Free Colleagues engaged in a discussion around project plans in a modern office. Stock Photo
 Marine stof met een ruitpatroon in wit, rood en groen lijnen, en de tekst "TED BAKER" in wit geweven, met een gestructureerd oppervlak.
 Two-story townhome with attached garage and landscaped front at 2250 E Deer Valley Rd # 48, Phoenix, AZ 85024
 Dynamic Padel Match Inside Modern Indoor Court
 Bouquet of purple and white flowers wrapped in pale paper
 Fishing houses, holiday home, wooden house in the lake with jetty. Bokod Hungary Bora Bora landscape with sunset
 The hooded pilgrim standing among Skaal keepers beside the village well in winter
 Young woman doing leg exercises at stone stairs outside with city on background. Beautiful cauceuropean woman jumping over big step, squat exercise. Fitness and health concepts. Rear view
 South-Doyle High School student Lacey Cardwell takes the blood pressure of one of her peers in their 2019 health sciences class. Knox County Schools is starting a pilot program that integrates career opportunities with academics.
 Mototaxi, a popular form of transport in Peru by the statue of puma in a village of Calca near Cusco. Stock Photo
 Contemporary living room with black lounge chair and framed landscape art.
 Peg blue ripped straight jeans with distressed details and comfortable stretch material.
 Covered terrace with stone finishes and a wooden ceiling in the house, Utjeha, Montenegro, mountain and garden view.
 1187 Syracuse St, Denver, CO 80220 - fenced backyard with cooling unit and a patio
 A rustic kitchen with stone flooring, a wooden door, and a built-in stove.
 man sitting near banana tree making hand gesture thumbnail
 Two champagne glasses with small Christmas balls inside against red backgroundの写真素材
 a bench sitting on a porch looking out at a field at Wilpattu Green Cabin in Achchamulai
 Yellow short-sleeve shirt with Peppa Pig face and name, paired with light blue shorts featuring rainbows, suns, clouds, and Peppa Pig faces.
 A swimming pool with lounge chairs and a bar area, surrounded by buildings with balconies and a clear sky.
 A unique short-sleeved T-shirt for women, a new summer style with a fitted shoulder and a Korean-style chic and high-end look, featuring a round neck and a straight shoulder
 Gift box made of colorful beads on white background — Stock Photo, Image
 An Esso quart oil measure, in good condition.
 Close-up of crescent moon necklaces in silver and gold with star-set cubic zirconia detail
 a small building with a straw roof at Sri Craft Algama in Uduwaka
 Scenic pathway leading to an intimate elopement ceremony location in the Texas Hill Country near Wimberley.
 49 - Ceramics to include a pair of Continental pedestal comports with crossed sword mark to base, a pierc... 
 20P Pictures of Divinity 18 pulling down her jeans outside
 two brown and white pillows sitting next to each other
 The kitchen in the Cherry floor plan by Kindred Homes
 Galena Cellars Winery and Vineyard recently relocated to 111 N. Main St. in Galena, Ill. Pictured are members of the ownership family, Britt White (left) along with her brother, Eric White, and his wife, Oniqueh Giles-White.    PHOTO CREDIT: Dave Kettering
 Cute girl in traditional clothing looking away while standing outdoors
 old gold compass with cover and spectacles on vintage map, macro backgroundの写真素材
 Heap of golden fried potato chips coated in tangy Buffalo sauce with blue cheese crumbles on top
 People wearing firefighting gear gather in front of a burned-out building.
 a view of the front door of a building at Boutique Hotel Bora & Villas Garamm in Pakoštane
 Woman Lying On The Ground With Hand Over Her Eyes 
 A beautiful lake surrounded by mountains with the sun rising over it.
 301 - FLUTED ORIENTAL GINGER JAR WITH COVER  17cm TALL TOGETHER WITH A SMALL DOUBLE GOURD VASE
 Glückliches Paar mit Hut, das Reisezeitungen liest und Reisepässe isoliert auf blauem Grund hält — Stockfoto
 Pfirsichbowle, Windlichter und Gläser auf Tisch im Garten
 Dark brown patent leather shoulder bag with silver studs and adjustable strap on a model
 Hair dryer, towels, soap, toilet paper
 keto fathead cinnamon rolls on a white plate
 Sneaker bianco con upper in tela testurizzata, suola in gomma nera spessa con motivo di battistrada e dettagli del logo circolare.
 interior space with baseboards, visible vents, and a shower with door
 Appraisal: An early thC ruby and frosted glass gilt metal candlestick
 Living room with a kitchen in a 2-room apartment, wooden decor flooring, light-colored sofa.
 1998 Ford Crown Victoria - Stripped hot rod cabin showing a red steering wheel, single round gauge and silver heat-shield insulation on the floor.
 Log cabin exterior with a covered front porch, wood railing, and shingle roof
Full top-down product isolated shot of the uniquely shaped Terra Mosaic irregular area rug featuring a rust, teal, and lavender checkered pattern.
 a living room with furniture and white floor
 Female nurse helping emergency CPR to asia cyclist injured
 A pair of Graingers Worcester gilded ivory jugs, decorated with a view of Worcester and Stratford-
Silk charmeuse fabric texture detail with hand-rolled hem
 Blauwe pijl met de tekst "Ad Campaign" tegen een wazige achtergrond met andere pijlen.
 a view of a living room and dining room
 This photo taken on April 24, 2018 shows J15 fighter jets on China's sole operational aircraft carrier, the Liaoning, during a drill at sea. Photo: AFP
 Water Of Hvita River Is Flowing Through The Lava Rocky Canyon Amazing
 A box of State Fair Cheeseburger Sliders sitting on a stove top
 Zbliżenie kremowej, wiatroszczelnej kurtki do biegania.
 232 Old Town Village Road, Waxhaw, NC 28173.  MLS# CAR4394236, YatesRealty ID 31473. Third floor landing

*What needs to be done:* Reply with the lines from the first line of the entries through the line that contains "Two-story townhome with", repeated exactly with both ends kept, and with nothing else.

*Written response:*
Free Colleagues engaged in a discussion around project plans in a modern office. Stock Photo
 Marine stof met een ruitpatroon in wit, rood en groen lijnen, en de tekst "TED BAKER" in wit geweven, met een gestructureerd oppervlak.
 Two-story townhome with attached garage and landscaped front at 2250 E Deer Valley Rd # 48, Phoenix, AZ 85024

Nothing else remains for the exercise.